I feel like today is a lucky day for me. I had looked forward to the year 2016 because my fascination with the number 216 made me hopeful that it would be a good year for me. It wasn't that awesome but it wasn't bloody awful either. I think the general consensus, however, is that 2016 has been a pretty shitty year all around the world. Oh, and the only reason this year wasn't bloody awful is because I moved back home at just the right time. I said to moms that I really didn't think I would have coped living in the flat, struggling with everything on my own.
I have been much too drained to keep up any kind of online presence. I have one more week of mentalness and then a relaxing 3 day break to look forward to.
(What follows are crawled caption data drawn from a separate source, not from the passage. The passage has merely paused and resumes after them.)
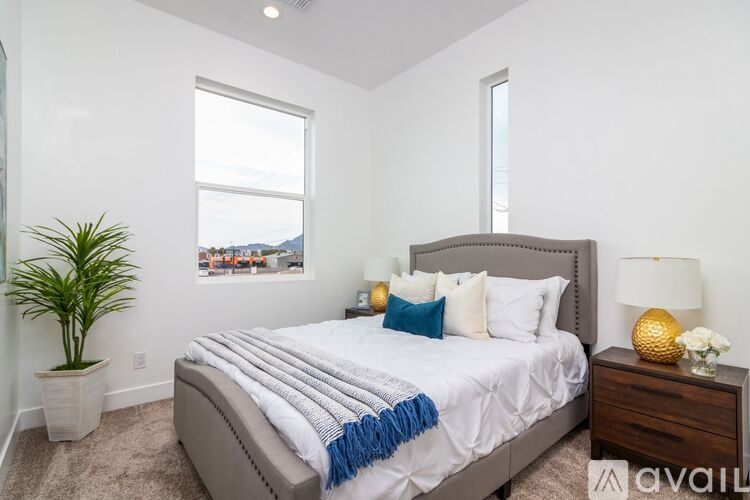 A bedroom with a large bed, a potted plant, and a window with a view of a cityscape.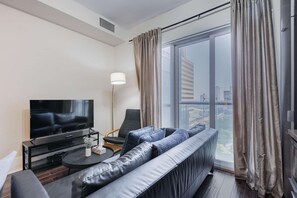 A modern living room with a large window, a flat-screen TV, a sofa, and a coffee table. - RivetStays | The Atmos Deluxe 2 Suite – 1 Bedroom Suite (Toronto)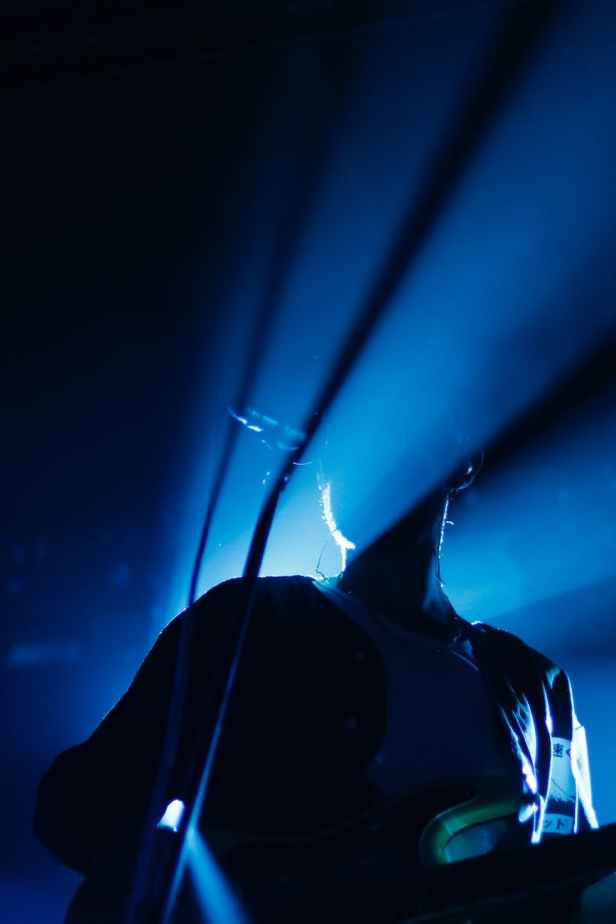 unrecognizable musician singing and playing guitar during concert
I've almost made it. This is the very pinnacle of surfing the blowhole. Last week I hit a brick wall. Everything seemed bleak. The week before that I overthought myself into a frenzy that I think too much to become a counsellor. You can think yourself round in circles like a dog chasing it's tail. Just as fruitless though a lot less fun. And with confidence in tatters as usual I mustered another little last ounce of strength. I used it to sing a few songs at Uncle T's open mic night. Gus helped. He helped a lot by playing the wrong chords which resulted in us laughing which kinda made people interested. We played to a small but friendly and supportive crowd who were full of compliments afterwards.
Almost just as exciting as that, and a big part of the reason why I feel today is a lucky day, my new Irish passport arrived which means I can think about getting a small break away somewhere. It's great being so easily pleased :)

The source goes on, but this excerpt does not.